Search
Close this search box.
Picture of SumTotal Accounting and Business

SumTotal Accounting and Business

Connect - Be Inspired - Prosper

Have More Than One Job? Here’s What You Need To Know About The Tax-Free Threshold

It’s important to be aware of how the tax-free threshold works, especially if you’re earning income from more than one job.

Many people mistakenly claim the tax-free threshold from multiple employers, which can lead to an unexpected tax bill.

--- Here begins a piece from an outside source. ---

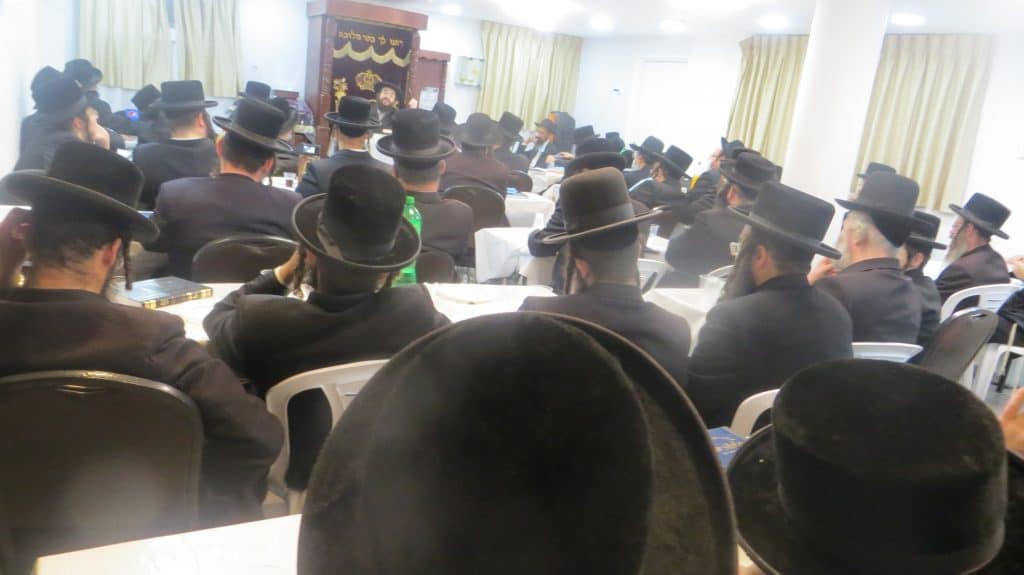 צפו בגלריה: מעמד הרחבת ביהמ"ד המרכזי "באר חיים"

This guide will help you understand how to manage the tax-free threshold while juggling multiple sources of income, so you can keep your finances in check.

Getting to Know the Tax-Free Threshold

The tax-free threshold allows you to earn up to $18,200 each year without paying any tax. It’s a great benefit for Australian residents, especially for those on lower incomes. Understanding how this threshold works is key to making sure you’re not caught off guard when tax time rolls around.

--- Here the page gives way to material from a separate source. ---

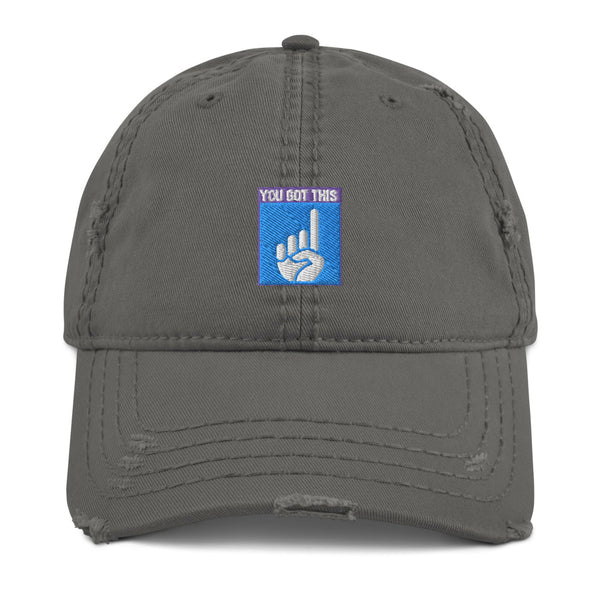 You Got This Distressed Dad Hat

Which Incomes Count Toward the Tax-Free Threshold?

It’s important to remember that the tax-free threshold applies to your total income, not just what you earn from one job. This includes:

  • Salaries and wages from your employers
  • Payments from government agencies
  • Income from work done under an Australian Business Number (ABN)

How to Claim the Tax-Free Threshold

You can only claim the tax-free threshold from one employer at a time. When you start a new job, your employer will ask if you want to claim the tax-free threshold. If you’re already claiming it from another job, you should let them know by answering “no.” This will help you avoid any tax-related issues later on.

What Happens If You Claim the Tax-Free Threshold from Multiple Employers?

If you mistakenly claim the tax-free threshold from more than one employer, you might not have enough tax withheld from your total income. This can happen if:

  • Your combined income from all employers exceeds $18,200, and
  • You’ve claimed the tax-free threshold from more than one job

When this happens, you could end up with a tax bill that needs to be paid as a lump sum at the end of the financial year. No one likes surprises like that, so it’s best to get it right from the start.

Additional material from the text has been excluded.